Ethics: Why Bother With Them?
Ethics: Why Bother With Them?
Let me open my discussion with an apology — I will be saying things this morning which are guaranteed to raise Unitarian hackles. First, I will be making many assertions: statements about the human condition as if they were matters of established fact. I will not be giving equal time to the other side, in traditional Unitarian Fairness. Secondly, I will be using the word "we" a good deal. This is partly a matter of style, and partly because it is easier than going through a statistical breakdown each time I want to make an observation which seems applicable to all of us, "more or less." I realize that there is probably someone in the audience to whom none of my generalizations apply. I ask this person's indulgence, and give him or her leave to ignore my talk completely.
Ethics is a difficult subject. We can ask many questions of an ethical nature, and also questions about ethics itself. Sometimes, perhaps most of the time, we lose sight of the difference between these two kinds of questions. If I stand to gain substantially because of another's lack of knowledge, the question as to whether or not I should enlighten him or her is an ethical question, of more or less poignancy depending on the degree of harm which will come to the other if he or she is not told all the facts.
Perhaps the most basic question we can ask about ethics is What are they? Are ethics rules by which one guides one's conduct? Or are ethics a set of feelings about how one is conducting oneself in the world? Or, is ethics just the activity of discussing ethics? This last question leads to another, which is the kernel around which this discussion is organized: why do we, or why should we, discuss ethics at all? I confess that I don't know exactly why I discuss ethics although I have a strong inclination to do so.
It often appears that in ethical discussion we are trying, in a very disorganized way, to develop some comprehensive guide to living, but sometimes I wonder whether the talking serves any purpose other than to temporarily purge us of uncomfortable doubts regarding our own conduct, or to provide an opportunity to indulge in some safe but righteous judgment of someone else's conduct. We are all familiar with those situations which are remote enough that we can comfortably make ethical judgments about the people involved. Most phraseology descriptive of politicians is in this line, as is most talk about the goodness and wisdom of the "common people."

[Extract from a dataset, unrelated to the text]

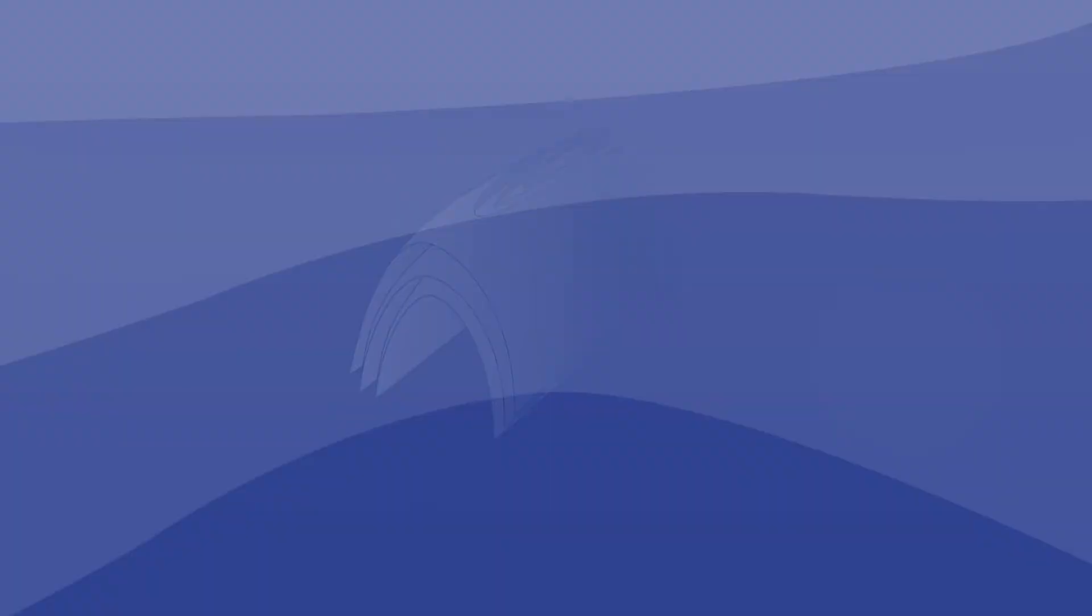The IMDEX Structural IQ solution delivers accurate and reliable data so you can make decisions with confidence.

Sometimes, though usually by accident, the talk threatens to touch upon how we actually conduct ourselves in the world. We then notice a slight quickening of the heartbeat, a constriction of the blood vessels, a hesitancy as to what to say next. We know that we are heading in a dangerous direction. Very often at this point a sage amongst us points out that we all have our own points of view and that it is unlikely that anyone will change their opinion. Then we talk a while about everyone's right to his or her own point of view, which usually culminates in paroxysms of mutual admiration and self-congratulation at how tolerant and open-minded we are. It is great fun, and leaves us all with a warm feeling.
Within the context of ethical discussion, this is an informal manifestation of ethical relativism, the approach to ethics which denies, or defines away the existence of moral absolutes which we often seem to want as a foundation for our personal ethical system. For me ethical relativism as criteria for the validity of an ethical system is very vague, but seems to be based on the sincerity with which the beliefs are held. In our culture, one criterion for validity has been popularized in the motto "if it feels good, do it." There is an unspoken assumption here that we will not feel good indulging in conduct which is harmful to others, and thereby adherence to the motto will automatically lead to beneficial, or at the least, harmless action. Another assumption is that if one does what feels good, then one may find oneself more often wanting to act in specifically ethical ways, such as helping disadvantaged children or other such activities.
Now there have been many areas of human conduct which have been unnecessarily proscribed under the aegis of moral law, but to consider "if it feels good, do it" as a paradigm of moral law leaves a good deal out of any matureconsideration of human conduct. It is too simple to account for children who pull the wings off, flies, or grownups like Adolf Hitler.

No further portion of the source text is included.